The St. Paul City Council, which signed off on the settlement January 13, voted that same day to approve changes to the St. Paul Department of Public Works Americans with Disabilities Act (ADA) Transition Plan. The city is now required to comply with the accessibility requirements of the ADA, Section 504 of the Rehabilitation Act and the Minnesota Human Rights Act when it completes alterations of city streets.

The change means that curb ramps will be replaced with legally compliant ramps, or installed where none exist, during mill and overlay as well as street reconstruction projects. The policy change calls for the city to identify all intersections lacking ramps, or older non-compliant ramps that don’t comply with the accessibility standards in place at the time of the alteration. New ramps will then be installed and older non-compliant ramps replaced.

Through the U.S. Justice Department, the ADA regulates every detail of a curb ramp’s construction including widths, slopes and the “landing area” at the base of the ramp.

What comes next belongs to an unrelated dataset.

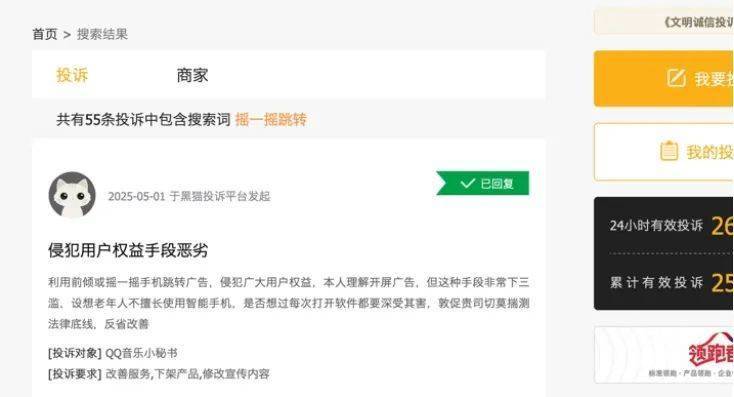 爱华外汇官网正规吗福建省南平生态监测中心站挂牌 开展新体制运行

The most recent version of design regulations was written in 2010.

In the past, Public Works hasn’t considered mill and overlay projects to be the same level of work as street reconstruction. In a mill and overlay project, the top few inches of the street are milled off and then replaced with new pavement. Ramps weren’t replaced as they are when streets are rebuilt with new curbs and gutters unless the ramps were in poor condition. Public Works spokesman Joe Ellickson said that had changed with the new ADA policy’s adoption.

Disability Law Center attorney Steve Schmidt said that while getting legally compliant ramps retrofitted on the streets done in 2014 is important, the more significant win is that compliant ramps will be part of all future projects. The three plaintiffs initially wrote a letter to the city, then submitted a draft legal complaint when that didn’t get the desired response.

Schmidt said the case has triggered interest from other communities. He said the hope is that other communities will bring their ADA policies in line with the law. “The question is what constitutes a street alteration, and my clients consider mill and overlay work to be an alteration,” Schmidt said.

The individuals with disabilities who challenged the city are Rick Cardenas, Margot Imdieke Cross and Ken Rodgers. They worked with the Disability Law Center for more than a year to raise concerns with city officials about curb ramps that were built improperly during work on 11 of the city’s “Terrible 20” streets in need of repair. The streets were among those singled out by Mayor Chris Coleman as needing repair after the harsh winter of 2013.

The settlement indicates that the city has about 230 ramps that need to be retrofitted. Some will be fixed in conjunction with other street projects, but that leaves about 200 ramps that have to be completed. The cost is estimated at about $1 million. Under the federal ADA, cities must comply with current federal accessibility guidelines by installing legally compliant curb ramps when streets are repaired or rebuilt. Cardenas, Cross and Rodgers contended that St. Paul failed to properly upgrade pedestrian curb ramps during 2014 street mill and overlay projects, violating the ADA and the Minnesota Human Rights Act.

The settlement agreement provides that by the end of 2017, the city will now complete the necessary ADA upgrades for curb ramps on streets that were part of the 2014 work. “The settlement agreement ensures that all individuals with disabilities who live or visit St. Paul will be able to travel safely on city sidewalks, and be full and equal members of the community,” said Rodgers. “We are pleased that the city has recognized its obligations under the law, and has made a strong commitment to making St. Paul accessible to everyone.”